I think this mostly happens when you're doing an inherently
time-stealing thing, like pausing vcpus or suspend/resume. But I guess
it could happen with a low-prio domain/vcpu on a busy system.
> An example: in kernel/pid.c:alloc_pid(), if one of the guest CPUs is
> descheduled when holding the pidmap_lock, what happens to the other
> guest CPUs who want to alloc/free pids ? Are they blocked too ?
Yep; its a problem. If a vcpu holding locks and not running, then
everyone else will be prevented from taking those locks.

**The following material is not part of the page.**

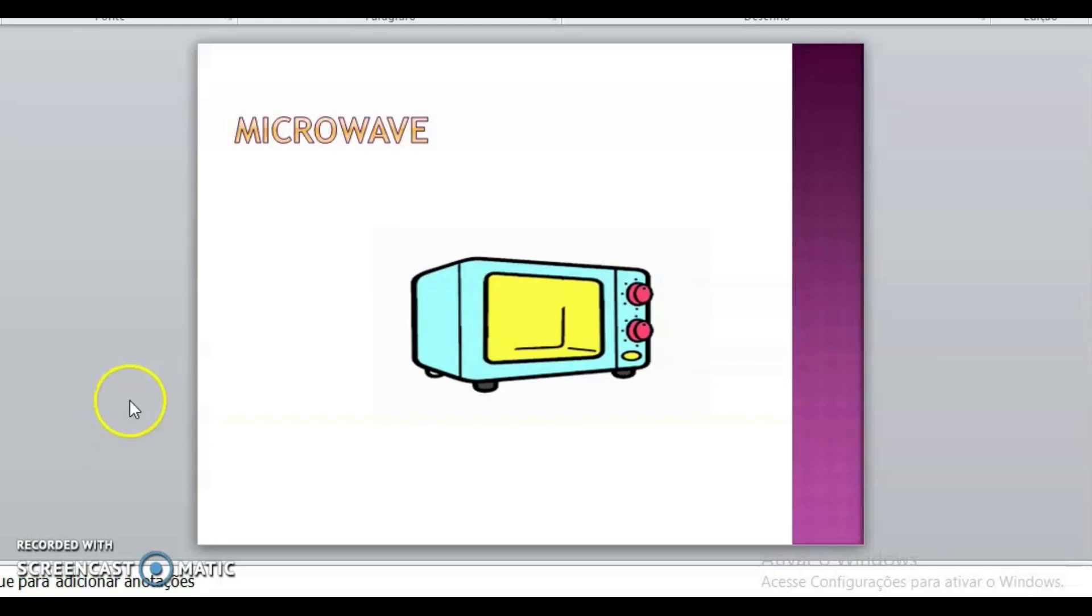Other image. What is this, class? Qual é a imagem? Microwave. Microwave. Microwave. Microondas. What is the color? Qual é a cor do microondas? This is blue. Blue.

If you have a
very busy system, then presumably all the vcpus will be similarly loaded
and the fact that it takes a long time to get locks just means you're
trying to run too many vcpus for your hardware's capacity.
The other problem is if you've got two vcpus sharing one real cpu, and
vcpu A spins while waiting for vcpu B to release a lock, and vcpu B is
waiting for A to get off the physical CPU. I don't know how often this
is a real problem in practice.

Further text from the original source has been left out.